The big story for February is the arrival of Murders at Markov Manor. While it came with a number of interesting role players, the unexpected headliner has been the new Leyline. There was a brief period where everyone was jamming it into every deck, but that has largely subsided. Instead, it has steady work in 4-Color Rhinos and Zoo deck, primarily Counter Cat variants, and has caused a stir in the metagame.

There was an error retrieving a chart for Scion of Draco

However, I haven't been too impressed. The driving force behind Leyline is actually Scion of Draco making itself into an unkillable and unraceable clock. It's quite good when it comes together, but we've been down this road before in multiple formats. It was called Soulflayer then, and much like Draco/Leyline, when Soulflayer comes together it's ridiculous but at all other times it's a bad joke. Given that the odds of the combo coming together on time are only about 20%, and Leyline is a very dead draw, I wouldn't hold out hope for the card.

Banning Risks

At time of writing, there's been no announcement concerning bannings in the March window. Wizards is still figuring out how this all works, so I can't predict if the lack of announcement means anything. However, given the observed data makes ban discussions reasonable, especially given how they talked about the goals of the last ban.

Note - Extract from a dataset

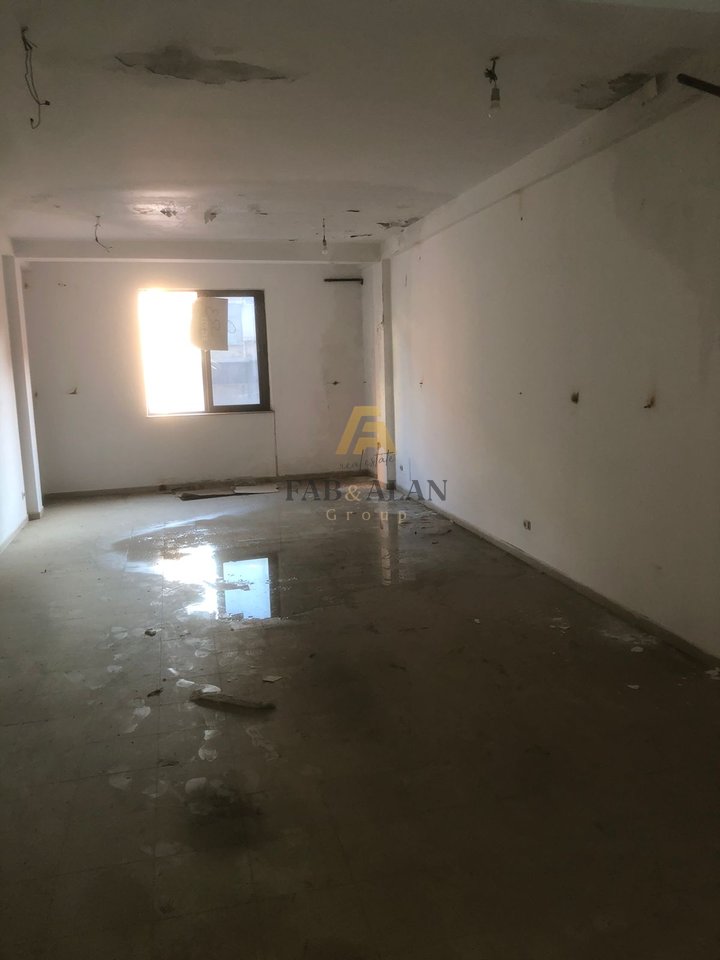 BUSINESS PREMISES FOR RENT 300 M² IN THE WILLSON SQUARE AREA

There was an error retrieving a chart for Fury

Specifically, banning Fury was supposed to open up the metagame and reduce the prevalence of Rakdos Scam. The latter goal was achieved; Scam is substantially down from its height. I know the deck gets a lot of hate, but it has unequivocally been successfully depowered. The former goal is far more ambiguous. The only previously top deck to have fallen off is 4-Color Control, but it was hit with two bans. Reducing Scam is correlated with Rhinos overtaking everything, and not many new decks have stuck.

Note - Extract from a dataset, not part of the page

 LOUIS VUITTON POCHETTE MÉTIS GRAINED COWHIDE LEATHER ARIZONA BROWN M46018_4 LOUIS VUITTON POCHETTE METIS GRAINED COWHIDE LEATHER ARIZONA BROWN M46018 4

I don't think that's enough for Wizards to justify intervening again. They Officially Hate banning cards and won't do so without a very strong reason. They can write off the lack of diversification as players being stubborn or that it will change naturally with Modern Horizons 3 coming this summer. Thus, the only way I see a ban coming to Modern is if the cascade decks have too-high win rates, which I didn't gather the data to evaluate.

Financial Implications

I believe that whatever opportunities arose in the wake of Leyline of the Guildpact have run their course. Whatever large-scale adoption that was going to happen has, and any further converts will be a relative trickle. If you've invested into those decks with the intention to flip the cards, I'd watch the price trends very carefully and be ready to bail. If the combo with Scion isn't good enough, then the only non-Valakut, the Molten Pinnacle reason to run Leyline is painless mana fixing, and that's not really good enough in Modern. Again, just like what happened with 4-Color Rhinos last year.

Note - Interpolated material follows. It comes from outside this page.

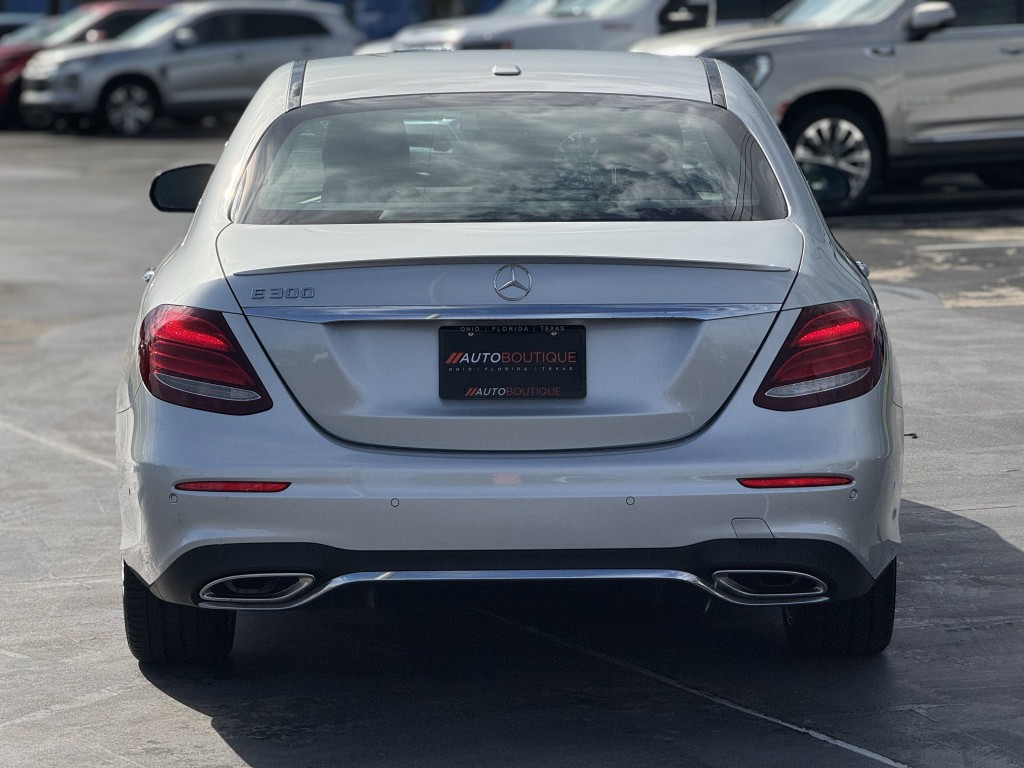 2019 Mercedes-Benz E-Class Image 9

As for a potential banning, the only card that makes sense to ban from the cascade decks is one of the cascaders, not a namesake card. Wizards doesn't like to outright kill decks. If Wizards wants to disrupt the decks without really nerfing them, they'd hit Shardless Agent, but that doesn't make sense. They'd just go for more colors and be about the same power-wise. Thus, I'd be watching for Violent Outburst to get banned instead.